Data for daily inpatient hospitalizations for all MIs occurring among Florida residents between 2005 and 2014 were obtained from the Florida Department of Health. Hourly ambient temperature, relative humidity, and wind speed data from which maximum and minimum AT were computed were obtained from: National Weather Service (NWS) first-order weather stations, Florida Agricultural Weather Network (FAWN) automated weather stations, and Florida State University Center for Ocean-Atmospheric Prediction Studies. Air pollution data (PM2.5 and O3) were downloaded from the Environmental Protection Agency website.

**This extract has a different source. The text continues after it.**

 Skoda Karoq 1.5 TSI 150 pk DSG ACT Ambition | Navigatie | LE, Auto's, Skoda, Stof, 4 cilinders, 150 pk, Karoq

A dynamic linear regression model with external variables will be used to quantify the association between daily MI morbidity risks and AT, adjusting for the effects of current and delayed effects of P.M2.5 and O3. We will also adjust for the effects of other relevant explanatory variables such as interventions and other seasonal patterns (weekday effects etc.) which may contribute to variations in MI hospitalizations risks over time. Additionally, we will be able to allow for possible time structure of the disturbance series (residual autocorrelation) with the use of a dynamic regression model. Thus, the analyses conducted with this model will produce more realistic effect estimates than the more traditional approaches such as the case-crossover design.
Based on previous studies, we expect daily MI hospitalization risks to be associated with extreme (high and low) AT values. We also expect MI hospitalization risks to vary regionally due to heterogeneity in environmental and socio-demographic characteristics across the state. From a public health perspective, a better understanding of the association between weather and MI morbidity will aid in the development of preventive strategies and lead to better outcomes.